Reputation: 2528
I am trying to convert quarterly data which is stored in a data.table
into a panel data.frame to prepare it for further analysis. But apparently there's an issue when using quarterly dates as time dimension.
I can convert them to date, numeric or character, but it is not recognised as quarterly time series by is.pconsecutive()
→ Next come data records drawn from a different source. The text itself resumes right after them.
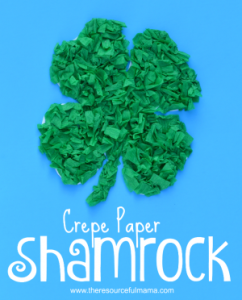 Crepe paper St. Patrick' Day shamrock craft for kids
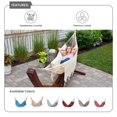 thumbnail image 6 of Sol Living Bahia Brazilian Patio Hammock Crochet Cotton Hammock Single Hammock for One Person Outdoor Patio Swing Chair Hand Woven Mayan Hammock Use Inside Outside Backyard Decor Porch Swing - Natural, 6 of 7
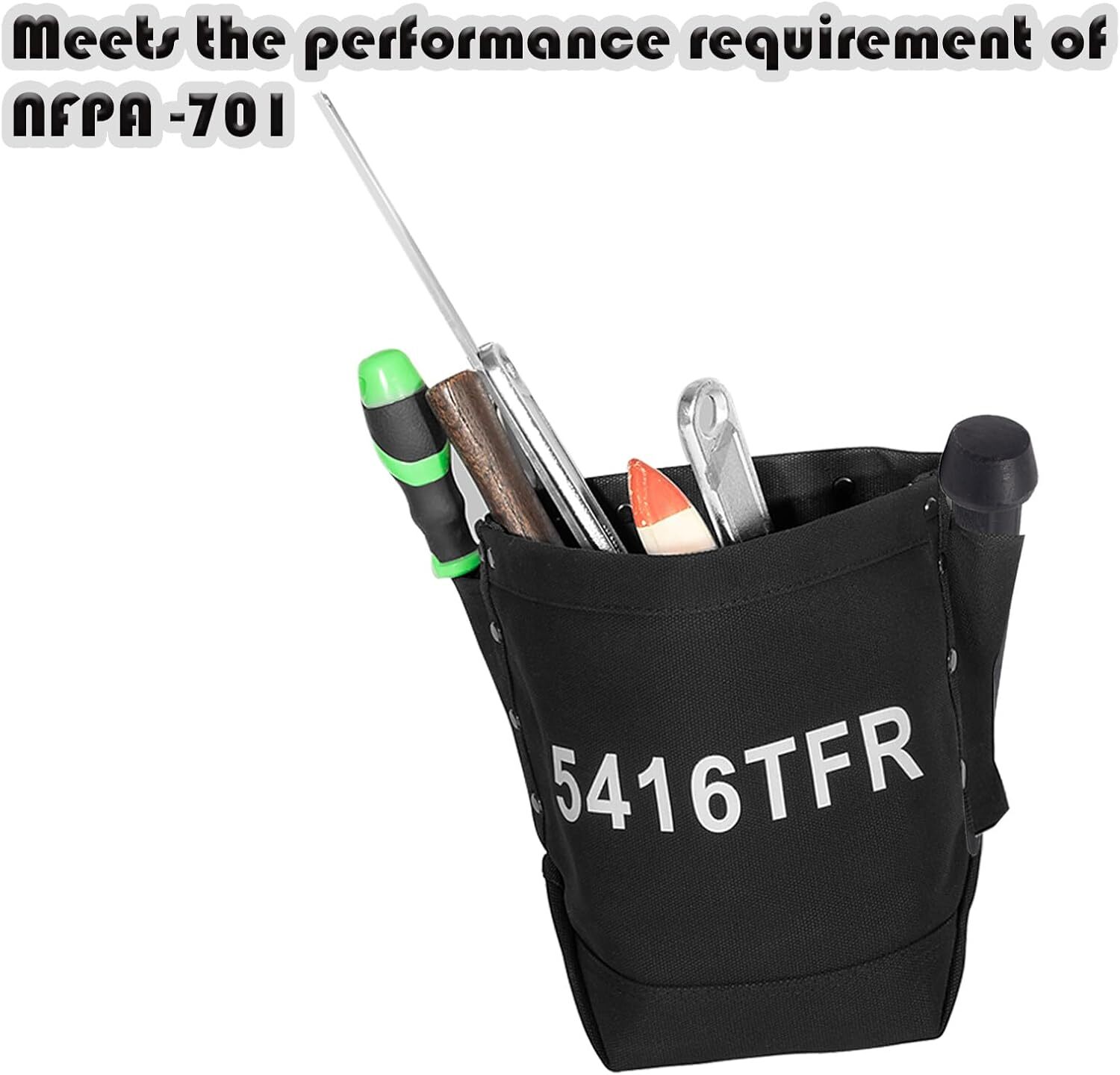 Black Flame retardant tool kit with replacement probe tip hole Protective Bag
, which then prevents me from using certain functions.
library(zoo)
library(data.table)
dt <- structure(list(Global.Company.Key = c(1380L, 1380L, 1380L, 1380L,
1380L, 1380L, 1380L, 1380L), Calendar.Data.Year.and.Quarter = structure(c(2000,
2000.25, 2000.5, 2000.75, 2001, 2001.25, 2001.5, 2001.75), class = "yearqtr"),
Calendar.Year.Quarter.Integer = c(10957L, 11048L, 11139L,
11231L, 11323L, 11413L, 11504L, 11596L), Year.Date = structure(c(10957,
11048, 11139, 11231, 11323, 11413, 11504, 11596), class = "Date")), .Names = c("Global.Company.Key",
"Calendar.Data.Year.and.Quarter", "Calendar.Year.Quarter.Integer",
"Year.Date"), row.names = c(NA, -8L), class = c("data.table",
"data.frame"))
# defined the date index as integer
pdt <- pdata.frame(dt, index = c("Global.Company.Key", "Calendar.Year.Quarter.Integer"))
is.pconsecutive(pdt)
1380
FALSE
Apparently the time dimension is analysed by checking if the distance between the data points is regularly spaced and one. From the manual: "For evaluation of consecutiveness, the time dimension is interpreted to be numeric, and the data are tested for being a regularly spaced sequence with distance 1 between the time periods for each individual (for each individual the time dimension can be interpreted as sequence t, t+1, t+2, ... where t is an integer)." So what is the best and most robust way to convert the year quarter time series?
Upvotes: 0
Views: 664
Reputation: 3687
pdata.frame
is not aware of quarterly data and not aware of the facilities packages like zoo
provide. The variables serving as the index are coerced to a factor variable.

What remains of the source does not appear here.